La criada no supo si reírse o permanecer impasible, de modo que optó por la solución más fácil y esbozó una sonrisa. El humorismo flojo de la ocurrencia del presidente era producto en parte, del nerviosismo y, en parte, del alivio que experimentaba por haber dejado atrás la primera gran ceremonia. Joan Kennedy tardó un rato en ataviarse para la velada, y Teddy, que se había vestido en sólo doce minutos, se paseó coléricamente por la habitación mascullando:

—Se supone que soy el presidente de los Estados Unidos, se supone que soy el presidente de los Estados Unidos.

—Lo sé, cariño —respondió Joan—, pero puesto que estás aquí, ¿podrías subirme la cremallera?

Los dos bajaron por la monumental escalera contigua al Salón Central y se reunieron con el clan Kennedy en el comedor familiar. Todos se pusieron en pie cuando entró el presidente. Eso no ocurría desde 1963.

—El primer baile se celebra en el Arsenal del distrito de Columbia y debemos partir inmediatamente, señor presidente. Ya es tarde —anunció Hadley Roth.

La mayor parte de la familia aún no había terminado el segundo plato. Rose Kennedy sonrió desde el otro extremo de la mesa y saludó a Ted con un ademán cuando partió con Joan. El resto de la noche fue un torbellino: seis bailes y veinte mil personas, la mayoría de las cuales no alimentaban ninguna duda de que el presidente debía su éxito al papel que ellas habían desempeñado en la campaña. El presidente se mostró paciente y cautivante, y Joan y su nuevo vestido de Yves Saint Laurent soportaron toda la velada. Finalmente, llegaron de regreso a su nuevo hogar, en el número 1600 de Pennsylvania Avenue. Eran las 2.30 de la mañana siguiente.

Nuevamente en la alcoba de Lincoln, lo único que rompió el silencio fue el comentario de Joan:

—Me alegra tener que hacerlo sólo una vez cada cuatro años. Y gracias a Dios no puede suceder más de dos veces en la vida. —Tampoco pudo dejar de recordar que ningún presidente, desde Eisenhower, había logrado completar dos mandatos.

El presidente se metió en la cama.

—No es muy cómoda, ¿verdad? —dijo.

—Fue suficientemente buena para Lincoln —contestó Joan.

El presidente se disponía a apagar la luz cuando vio sobre la mesita de noche la pequeña edición de Yale del
Julius Caesar
de Shakespeare, encuadernada en color azul.

—Pertenece a la Oficina Oval —murmuró.

Joan no le oyó.

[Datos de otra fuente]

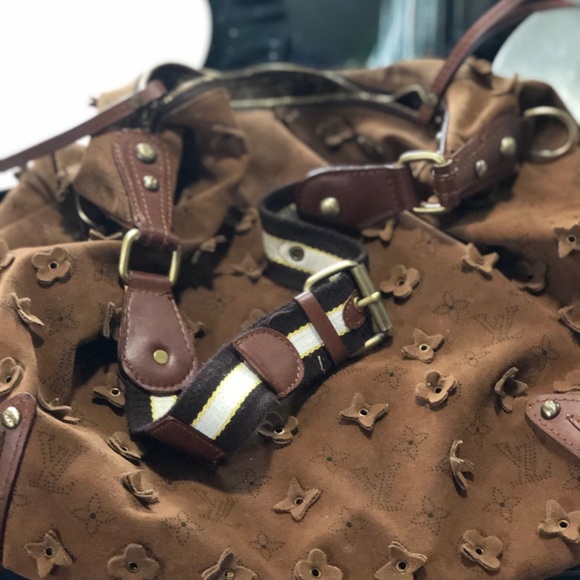 COPY - COPY - Louis Vuitton bag - Picture 4 of 12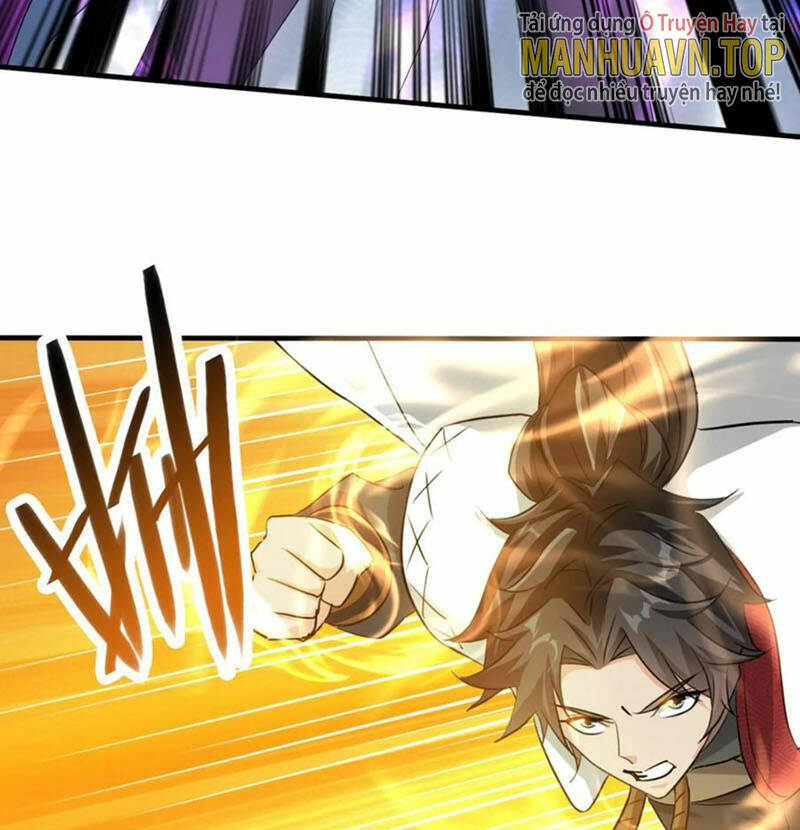 Vô Địch Đốn Ngộ Chapter 124 - Trang 2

La abrió casi espontáneamente en la página treinta y seis y leyó el pasaje que había subrayado con tinta roja y marcado con un asterisco:

Los cobardes mueren varias veces antes de expiar. El valiente nunca saborea la muerte sino una vez. De todas las maravillas que he oído, la que mayor asombro me causa es que los hombres tengan miedo. Visto que la muerte es un fin necesario, cuando haya de venir, vendrá
.
[1]

El presidente apagó la luz.

El país dormía.

2

17.45 horas

Nick Stames deseaba irse a su casa. Había comenzado a trabajar a las 7 de la mañana y ya eran las 17.45. No recordaba si había comido o no. Su esposa, Norma, había vuelto a refunfuñar que él nunca acudía a casa al mediodía, y que, cuando lo hacía, ya era tan tarde que sus platos se habían echado a perder. Ahora que lo pensaba, ¿cuándo había ingerido por última vez una comida completa? Cuando se iba a la oficina, a las 6.30, Norma se quedaba en la cama. Desde que los niños estaban en la escuela, su única tarea específica consistía en prepararle la comida a él. De todas maneras, habría salido perdiendo. Si hubiera sido un fracasado, Norma también habría protestado por eso, y qué diablos, Nick Stames era, desde todo punto de vista, un triunfador: el agente especial más joven a cargo de una Agencia local del FBI, y uno no ascendía a semejante rango a los cuarenta y un años si pretendía cenar en casa todas las noches. Fuera como fuere, Nick estaba enamorado de su trabajo. Este era su amante, y por lo menos su esposa podía alegrarse de ello.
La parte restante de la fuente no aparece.